Re: [PATCH v2 06/11] perf/uprobe: SRCU-ify uprobe->consumer list

From: Peter Zijlstra
Date: Mon Jul 15 2024 - 07:25:18 EST


On Fri, Jul 12, 2024 at 02:06:08PM -0700, Andrii Nakryiko wrote:
> + bpf@vger, please cc bpf ML for the next revision, these changes are
> very relevant there as well, thanks
>
> On Thu, Jul 11, 2024 at 4:07 AM Peter Zijlstra <peterz@xxxxxxxxxxxxx> wrote:
> >
> > With handle_swbp() hitting concurrently on (all) CPUs the
> > uprobe->register_rwsem can get very contended. Add an SRCU instance to
> > cover the consumer list and consumer lifetime.
> >
> > Since the consumer are externally embedded structures, unregister will
> > have to suffer a synchronize_srcu().
> >
> > A notably complication is the UPROBE_HANDLER_REMOVE logic which can
> > race against uprobe_register() such that it might want to remove a
> > freshly installer handler that didn't get called. In order to close
> > this hole, a seqcount is added. With that, the removal path can tell
> > if anything changed and bail out of the removal.
> >
> > Signed-off-by: Peter Zijlstra (Intel) <peterz@xxxxxxxxxxxxx>
> > ---
> > kernel/events/uprobes.c | 60 ++++++++++++++++++++++++++++++++++++++++--------
> > 1 file changed, 50 insertions(+), 10 deletions(-)
> >
>
> [...]
>
> > @@ -800,7 +808,7 @@ static bool consumer_del(struct uprobe *
> > down_write(&uprobe->consumer_rwsem);
> > for (con = &uprobe->consumers; *con; con = &(*con)->next) {
> > if (*con == uc) {
> > - *con = uc->next;
> > + WRITE_ONCE(*con, uc->next);
>
> I have a dumb and mechanical question.
>
> Above in consumer_add() you are doing WRITE_ONCE() for uc->next
> assignment, but rcu_assign_pointer() for uprobe->consumers. Here, you
> are doing WRITE_ONCE() for the same operation, if it so happens that
> uc == *con == uprobe->consumers. So is rcu_assign_pointer() necessary
> in consumer_addr()? If yes, we should have it here as well, no? And if
> not, why bother with it in consumer_add()?
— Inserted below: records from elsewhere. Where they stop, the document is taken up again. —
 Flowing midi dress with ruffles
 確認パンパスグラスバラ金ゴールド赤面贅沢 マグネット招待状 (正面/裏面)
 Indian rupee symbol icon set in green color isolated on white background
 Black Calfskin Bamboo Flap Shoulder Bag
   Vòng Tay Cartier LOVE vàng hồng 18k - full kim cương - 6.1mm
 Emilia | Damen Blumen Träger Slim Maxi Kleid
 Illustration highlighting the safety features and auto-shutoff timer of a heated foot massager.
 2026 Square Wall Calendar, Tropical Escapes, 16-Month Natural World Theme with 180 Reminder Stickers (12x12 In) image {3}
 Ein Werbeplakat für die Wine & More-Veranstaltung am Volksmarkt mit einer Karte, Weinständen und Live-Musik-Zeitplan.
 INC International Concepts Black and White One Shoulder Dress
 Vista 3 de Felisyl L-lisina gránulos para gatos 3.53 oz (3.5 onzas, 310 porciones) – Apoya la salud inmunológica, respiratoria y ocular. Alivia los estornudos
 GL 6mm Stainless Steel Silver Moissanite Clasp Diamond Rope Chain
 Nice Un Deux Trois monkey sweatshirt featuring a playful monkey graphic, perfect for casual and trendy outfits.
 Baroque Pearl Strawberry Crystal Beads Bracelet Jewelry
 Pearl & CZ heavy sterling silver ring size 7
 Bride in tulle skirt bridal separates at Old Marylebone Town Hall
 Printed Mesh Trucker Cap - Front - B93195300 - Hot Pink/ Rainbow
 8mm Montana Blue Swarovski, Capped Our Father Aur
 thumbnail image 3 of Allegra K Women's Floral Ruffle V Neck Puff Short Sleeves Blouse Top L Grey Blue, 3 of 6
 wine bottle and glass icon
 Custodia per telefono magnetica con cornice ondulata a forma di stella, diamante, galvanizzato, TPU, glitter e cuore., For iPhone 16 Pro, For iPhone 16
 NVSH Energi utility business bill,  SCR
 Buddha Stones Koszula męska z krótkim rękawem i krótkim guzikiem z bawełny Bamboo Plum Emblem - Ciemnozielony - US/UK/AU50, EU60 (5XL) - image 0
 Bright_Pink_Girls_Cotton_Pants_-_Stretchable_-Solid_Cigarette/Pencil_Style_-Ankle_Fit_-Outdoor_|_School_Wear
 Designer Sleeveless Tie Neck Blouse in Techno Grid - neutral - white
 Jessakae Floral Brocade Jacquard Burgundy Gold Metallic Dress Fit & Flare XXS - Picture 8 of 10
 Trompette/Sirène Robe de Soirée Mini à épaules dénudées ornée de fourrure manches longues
add is a publish and needs to ensure all stores to the object are
ordered before the object is linked in. Note that rcu_assign_pointer()
is basically a fancy way of writing smp_store_release().

del otoh does not publish, it removes and doesn't need ordering.

It does however need to ensure the pointer write itself isn't torn. That
is, without the WRITE_ONCE() the compiler is free to do byte stores in
order to update the 8 byte pointer value (assuming 64bit). This is
pretty dumb, but very much permitted by C and also utterly fatal in the
case where an RCU iteration comes by and reads a half-half pointer
value.

> > ret = true;
> > break;
> > }
> > @@ -1139,9 +1147,13 @@ void uprobe_unregister(struct inode *ino
> > return;
> >
> > down_write(&uprobe->register_rwsem);
> > + raw_write_seqcount_begin(&uprobe->register_seq);
> > __uprobe_unregister(uprobe, uc);
> > + raw_write_seqcount_end(&uprobe->register_seq);
> > up_write(&uprobe->register_rwsem);
> > put_uprobe(uprobe);
> > +
> > + synchronize_srcu(&uprobes_srcu);
> > }
> > EXPORT_SYMBOL_GPL(uprobe_unregister);
>
> [...]